In 1950 physicist Enrico Fermi, while considering the presumed ubiquity of technological civilizations around the Milky Way, over lunch one day asked the simple question, "Where are they?". By which he meant, even if advanced alien civilizations were exceedingly rare, if they existed at all some of them, even traveling at speeds of 5% of the speed of light (which may in fact prove to be about the maximum speed possible for space travel, which will be the subject of another post in the near future) or even slower, should eventually have colonized or at least visited all of the galaxy and already contacted us, either in person or by means of a probe of some sort. Meaning, the question of whether or not there are other technological civilizations in the Milky Way should be nonsensical; either there are none, or they're already here and downtown Seattle should look like Mos Eisley Spaceport. I mean, even more than it already does.

 The fact that earth is not already crawling with aliens (no disrespect intended to the Aldebaranian's mode of locomotion, its just an expression), combined with the lack of an unambiguous signal received by any of the SETI telescopes, is sometimes referred to as the Great Silence, or the Fermi Paradox.
I think this is from the brilliant comic XKCD, if you know otherwise please let me know!
There are a couple of possible explanations for this. The first is that there simply aren't any other technologically advanced civilizations in the Milky Way. As a generation which has grown up on a daily diet of science fiction, this seems ironically uncomfortable. But it may well be the case. Of the billions of species which have ever lived on earth we are the only one which has proven capable of space travel or radio broadcasts. Or any other technology more sophisticated than a digging stick or a broken rock. Life, even intelligent life, may well be ubiquitous, but technologically advanced civilizations may be vanishingly rare.

Another possibility is that interstellar space travel, either for reasons we do understand or for reasons we do not, may simply not be feasible. This is also uncomfortable for us, but it may be true. It is almost certainly true that crewed space travel will never exceed about 10% of the speed of light, for a variety of reasons (not the least of which being that by 12% of the speed of light, a grain of sand hitting the vessel would react with the force of a hydrogen bomb). But at 10% (or even 5%, which we have the technology to achieve right now) of the speed of light we could get to the nearest stars within a human lifetime. But there may be barriers to traveling through interstellar space which we haven't even considered.

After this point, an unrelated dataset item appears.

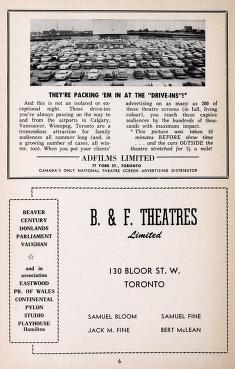 Thumbnail image of a page from Film Weekly 1961-62 year book : Canadian motion picture industry with television section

Another possibility, one championed by UFO enthusiasts, is that our skies and streets ARE crawling with aliens, we just need to pull our heads out of our recta and realize it. This isn't quite as far-fetched as it sounds; some have posited that the natives in Hispaniola could not see Columbus's ships until their shamans or whatever they're called there did. This may be apocryphal, but it is true and demonstrable that the human mind filters out data it isn't prepared to process. If this sounds like BS to you, take this simple test here, and then come back to this post. My personal feeling is that this possibility is pretty unlikely, but I wanted to include it specifically because so many discussions of the Fermi Paradox willfully exclude it, which is simply bad science.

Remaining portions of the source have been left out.